Problem requirements. Repeat only these lines, exactly: the first line of the data, the line containing "Седан Audi A3 2015 в Киеве", and every line between them. Pictures stay out.

Material for this task.

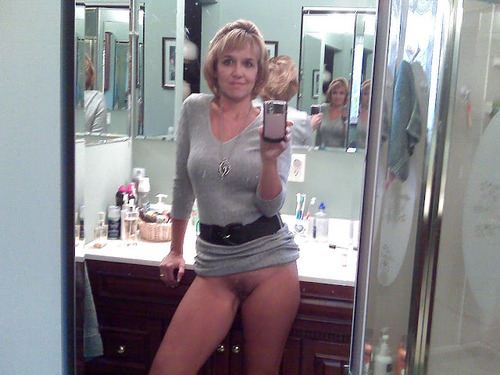dress mature milf mirror no_panties photo pussy selfpic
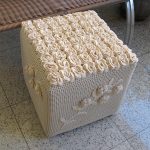 Pouf tricoté en forme de cube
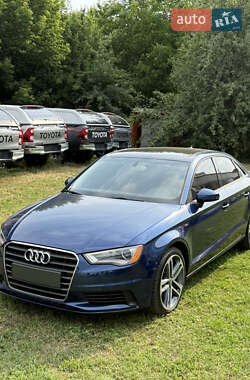 Седан Audi A3 2015 в Киеве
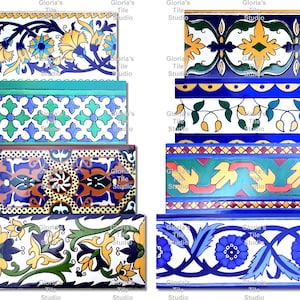 Może przedstawiać: Kolekcja dekoracyjnych płytek ceramicznych z różnymi wzorami kwiatowymi i geometrycznymi. Płytki prezentują gamę kolorów, w tym niebieski, żółty, zielony i pomarańczowy, ze skomplikowanymi wzorami. Każda płytka jest prostokątna i wydaje się być ręcznie malowana.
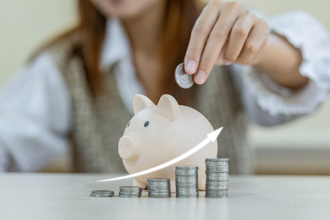 台股長抱首選：2原因0050勝006208 人氣網紅因「5個字」不投資海外標的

Result for this task.
dress mature milf mirror no_panties photo pussy selfpic
 Pouf tricoté en forme de cube
 Седан Audi A3 2015 в Киеве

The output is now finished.